-- STORED DATA follows --
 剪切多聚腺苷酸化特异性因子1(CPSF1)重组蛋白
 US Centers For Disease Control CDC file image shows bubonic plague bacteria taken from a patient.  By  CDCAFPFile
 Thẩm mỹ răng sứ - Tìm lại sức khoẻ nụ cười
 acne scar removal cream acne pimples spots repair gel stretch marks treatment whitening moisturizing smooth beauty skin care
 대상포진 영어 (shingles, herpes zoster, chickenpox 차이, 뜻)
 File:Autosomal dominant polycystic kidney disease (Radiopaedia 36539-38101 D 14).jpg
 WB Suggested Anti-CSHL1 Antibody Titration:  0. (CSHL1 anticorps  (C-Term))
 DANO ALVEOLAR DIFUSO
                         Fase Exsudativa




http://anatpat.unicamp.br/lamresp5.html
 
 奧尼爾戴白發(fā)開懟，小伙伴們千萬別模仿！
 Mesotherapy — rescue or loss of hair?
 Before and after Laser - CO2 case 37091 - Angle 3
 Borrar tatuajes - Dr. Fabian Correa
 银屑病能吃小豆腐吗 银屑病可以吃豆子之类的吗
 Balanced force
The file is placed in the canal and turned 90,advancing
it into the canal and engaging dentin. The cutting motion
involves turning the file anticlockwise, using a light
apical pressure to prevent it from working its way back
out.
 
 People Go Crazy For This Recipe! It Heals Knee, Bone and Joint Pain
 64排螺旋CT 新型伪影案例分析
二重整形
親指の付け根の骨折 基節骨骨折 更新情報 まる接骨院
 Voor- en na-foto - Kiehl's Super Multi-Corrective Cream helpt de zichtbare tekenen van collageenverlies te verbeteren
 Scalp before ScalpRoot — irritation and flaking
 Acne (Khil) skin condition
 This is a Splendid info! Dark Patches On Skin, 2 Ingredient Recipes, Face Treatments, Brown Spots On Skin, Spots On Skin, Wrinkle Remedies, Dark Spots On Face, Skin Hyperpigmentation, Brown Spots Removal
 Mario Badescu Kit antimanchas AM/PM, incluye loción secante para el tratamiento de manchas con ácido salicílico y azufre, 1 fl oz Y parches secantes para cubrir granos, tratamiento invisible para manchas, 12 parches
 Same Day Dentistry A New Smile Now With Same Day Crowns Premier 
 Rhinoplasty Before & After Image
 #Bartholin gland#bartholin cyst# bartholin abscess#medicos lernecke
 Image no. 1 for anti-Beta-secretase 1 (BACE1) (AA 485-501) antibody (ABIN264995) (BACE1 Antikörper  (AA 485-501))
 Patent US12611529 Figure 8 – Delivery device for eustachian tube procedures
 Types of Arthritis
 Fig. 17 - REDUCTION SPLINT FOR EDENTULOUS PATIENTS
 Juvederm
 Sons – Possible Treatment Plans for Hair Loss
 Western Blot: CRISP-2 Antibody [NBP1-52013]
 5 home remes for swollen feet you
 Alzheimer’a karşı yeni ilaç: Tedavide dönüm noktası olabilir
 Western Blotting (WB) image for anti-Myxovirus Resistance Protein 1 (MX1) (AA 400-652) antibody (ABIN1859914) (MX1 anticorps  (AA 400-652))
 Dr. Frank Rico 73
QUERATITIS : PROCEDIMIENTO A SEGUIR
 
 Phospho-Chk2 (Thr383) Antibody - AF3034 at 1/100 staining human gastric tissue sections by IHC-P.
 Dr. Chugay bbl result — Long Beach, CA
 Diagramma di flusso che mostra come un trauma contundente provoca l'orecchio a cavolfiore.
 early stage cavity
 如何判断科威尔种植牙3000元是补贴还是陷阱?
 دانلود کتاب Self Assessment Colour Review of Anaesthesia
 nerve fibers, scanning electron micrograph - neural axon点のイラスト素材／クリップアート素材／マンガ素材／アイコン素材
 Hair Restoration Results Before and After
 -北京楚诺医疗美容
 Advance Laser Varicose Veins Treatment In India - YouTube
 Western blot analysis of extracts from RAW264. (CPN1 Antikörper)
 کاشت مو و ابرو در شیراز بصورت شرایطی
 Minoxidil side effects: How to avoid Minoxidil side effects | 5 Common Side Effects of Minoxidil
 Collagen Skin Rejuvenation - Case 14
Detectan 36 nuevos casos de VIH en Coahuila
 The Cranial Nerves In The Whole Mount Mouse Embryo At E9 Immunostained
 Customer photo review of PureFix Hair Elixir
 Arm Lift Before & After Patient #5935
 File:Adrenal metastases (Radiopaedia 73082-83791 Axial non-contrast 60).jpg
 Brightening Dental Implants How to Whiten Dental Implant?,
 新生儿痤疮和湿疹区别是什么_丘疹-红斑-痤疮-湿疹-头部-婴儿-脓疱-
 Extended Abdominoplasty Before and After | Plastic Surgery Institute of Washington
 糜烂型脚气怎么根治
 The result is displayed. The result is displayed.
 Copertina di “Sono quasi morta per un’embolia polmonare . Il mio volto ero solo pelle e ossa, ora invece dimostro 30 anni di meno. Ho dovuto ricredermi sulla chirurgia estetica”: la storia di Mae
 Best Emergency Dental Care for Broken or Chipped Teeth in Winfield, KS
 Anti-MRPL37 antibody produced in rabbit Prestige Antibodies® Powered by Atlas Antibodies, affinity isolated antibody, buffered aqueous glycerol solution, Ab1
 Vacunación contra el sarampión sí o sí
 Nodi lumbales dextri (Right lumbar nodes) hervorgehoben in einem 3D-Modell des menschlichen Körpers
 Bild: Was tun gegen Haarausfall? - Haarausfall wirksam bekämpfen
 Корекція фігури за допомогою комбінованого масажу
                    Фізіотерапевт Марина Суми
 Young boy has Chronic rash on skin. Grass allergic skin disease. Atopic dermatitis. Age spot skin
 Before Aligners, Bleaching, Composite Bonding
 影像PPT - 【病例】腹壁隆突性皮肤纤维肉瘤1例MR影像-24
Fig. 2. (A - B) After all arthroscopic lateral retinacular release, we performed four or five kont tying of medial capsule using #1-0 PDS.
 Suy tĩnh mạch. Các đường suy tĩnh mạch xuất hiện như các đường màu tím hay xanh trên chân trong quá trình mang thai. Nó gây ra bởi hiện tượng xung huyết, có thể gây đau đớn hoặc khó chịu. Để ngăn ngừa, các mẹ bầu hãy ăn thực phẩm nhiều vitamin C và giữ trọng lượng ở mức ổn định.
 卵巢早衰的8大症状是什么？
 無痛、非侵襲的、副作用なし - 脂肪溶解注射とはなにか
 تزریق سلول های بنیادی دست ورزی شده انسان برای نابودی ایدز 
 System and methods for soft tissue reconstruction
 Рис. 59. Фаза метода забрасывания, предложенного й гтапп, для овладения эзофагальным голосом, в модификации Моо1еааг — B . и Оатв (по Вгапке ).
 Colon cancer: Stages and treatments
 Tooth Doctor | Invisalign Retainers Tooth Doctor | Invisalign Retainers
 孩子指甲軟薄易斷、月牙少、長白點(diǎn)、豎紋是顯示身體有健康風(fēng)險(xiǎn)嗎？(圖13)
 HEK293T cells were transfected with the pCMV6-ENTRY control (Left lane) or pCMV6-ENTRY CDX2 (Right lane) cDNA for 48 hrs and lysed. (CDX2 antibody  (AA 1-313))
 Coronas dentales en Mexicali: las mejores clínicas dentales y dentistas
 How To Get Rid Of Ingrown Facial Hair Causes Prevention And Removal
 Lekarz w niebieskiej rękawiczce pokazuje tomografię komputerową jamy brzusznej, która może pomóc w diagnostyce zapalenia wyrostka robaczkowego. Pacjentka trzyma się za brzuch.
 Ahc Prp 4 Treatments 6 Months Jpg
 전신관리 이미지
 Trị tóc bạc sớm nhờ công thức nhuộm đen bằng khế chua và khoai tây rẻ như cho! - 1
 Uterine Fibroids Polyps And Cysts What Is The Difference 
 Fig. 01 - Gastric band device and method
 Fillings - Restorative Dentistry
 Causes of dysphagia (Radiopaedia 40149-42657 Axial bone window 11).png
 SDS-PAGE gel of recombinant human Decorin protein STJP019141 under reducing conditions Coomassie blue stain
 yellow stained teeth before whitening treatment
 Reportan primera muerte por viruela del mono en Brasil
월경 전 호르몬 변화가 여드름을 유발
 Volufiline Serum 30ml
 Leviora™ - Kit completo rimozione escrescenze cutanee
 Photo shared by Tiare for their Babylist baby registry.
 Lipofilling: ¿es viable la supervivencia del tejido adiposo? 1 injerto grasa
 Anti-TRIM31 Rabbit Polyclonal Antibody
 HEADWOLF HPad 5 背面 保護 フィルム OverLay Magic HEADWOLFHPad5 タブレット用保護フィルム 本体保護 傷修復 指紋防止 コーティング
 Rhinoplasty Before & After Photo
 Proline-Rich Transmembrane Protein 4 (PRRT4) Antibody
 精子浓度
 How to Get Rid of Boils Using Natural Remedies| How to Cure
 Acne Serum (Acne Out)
-- STORED DATA concluded --
== TASK GOAL ==
From the entries above, write out only the lines starting at the line that holds "http://anatpat.unicamp.br/lamresp5.html" and ending at the line that holds "it into the", keeping both and matching them exactly.

== ANSWER SPACE ==
http://anatpat.unicamp.br/lamresp5.html
 
 奧尼爾戴白發(fā)開懟，小伙伴們千萬別模仿！
 Mesotherapy — rescue or loss of hair?
 Before and after Laser - CO2 case 37091 - Angle 3
 Borrar tatuajes - Dr. Fabian Correa
 银屑病能吃小豆腐吗 银屑病可以吃豆子之类的吗
 Balanced force
The file is placed in the canal and turned 90,advancing
it into the canal and engaging dentin. The cutting motion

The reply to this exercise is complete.